**EXERCISE MATERIAL**
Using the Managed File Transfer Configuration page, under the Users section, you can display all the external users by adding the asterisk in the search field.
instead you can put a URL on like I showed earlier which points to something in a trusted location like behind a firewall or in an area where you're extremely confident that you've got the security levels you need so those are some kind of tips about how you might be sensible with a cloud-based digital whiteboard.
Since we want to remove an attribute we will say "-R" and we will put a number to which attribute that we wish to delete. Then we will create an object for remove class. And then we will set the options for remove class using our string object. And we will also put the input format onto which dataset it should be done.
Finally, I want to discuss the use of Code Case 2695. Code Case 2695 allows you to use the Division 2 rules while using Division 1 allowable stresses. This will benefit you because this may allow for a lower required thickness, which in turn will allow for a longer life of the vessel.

...

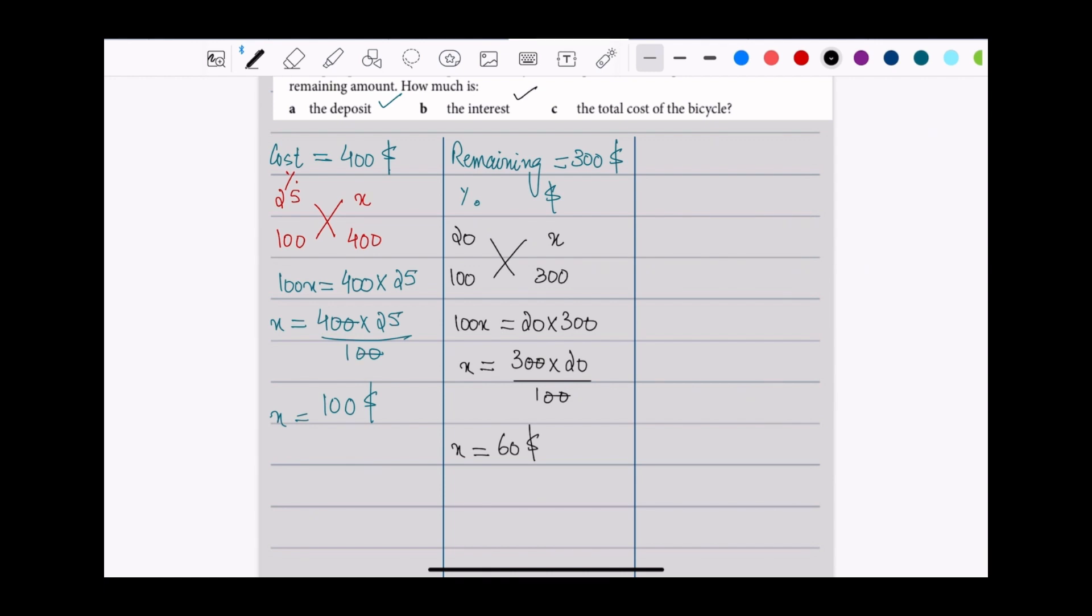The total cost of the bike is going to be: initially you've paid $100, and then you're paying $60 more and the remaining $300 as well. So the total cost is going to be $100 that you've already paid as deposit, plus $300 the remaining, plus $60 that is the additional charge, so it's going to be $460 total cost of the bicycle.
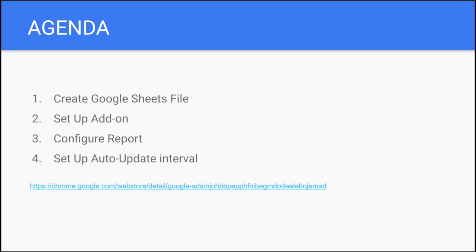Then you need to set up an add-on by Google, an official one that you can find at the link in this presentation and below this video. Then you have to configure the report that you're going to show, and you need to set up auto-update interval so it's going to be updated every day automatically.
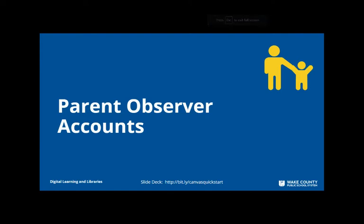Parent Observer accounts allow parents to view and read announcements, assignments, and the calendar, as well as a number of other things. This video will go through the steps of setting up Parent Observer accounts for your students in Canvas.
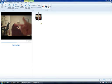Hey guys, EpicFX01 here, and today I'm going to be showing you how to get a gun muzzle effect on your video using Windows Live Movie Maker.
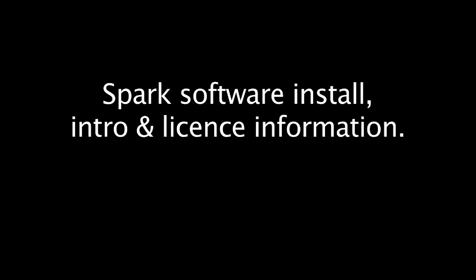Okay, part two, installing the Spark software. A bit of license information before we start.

**AIM OF THE EXERCISE**
Output should match, line for line, the stretch of the material above from the line holding "Using the Managed" through the line holding "instead you can".

**SOLUTION FOR THIS PROBLEM**
Using the Managed File Transfer Configuration page, under the Users section, you can display all the external users by adding the asterisk in the search field.
instead you can put a URL on like I showed earlier which points to something in a trusted location like behind a firewall or in an area where you're extremely confident that you've got the security levels you need so those are some kind of tips about how you might be sensible with a cloud-based digital whiteboard.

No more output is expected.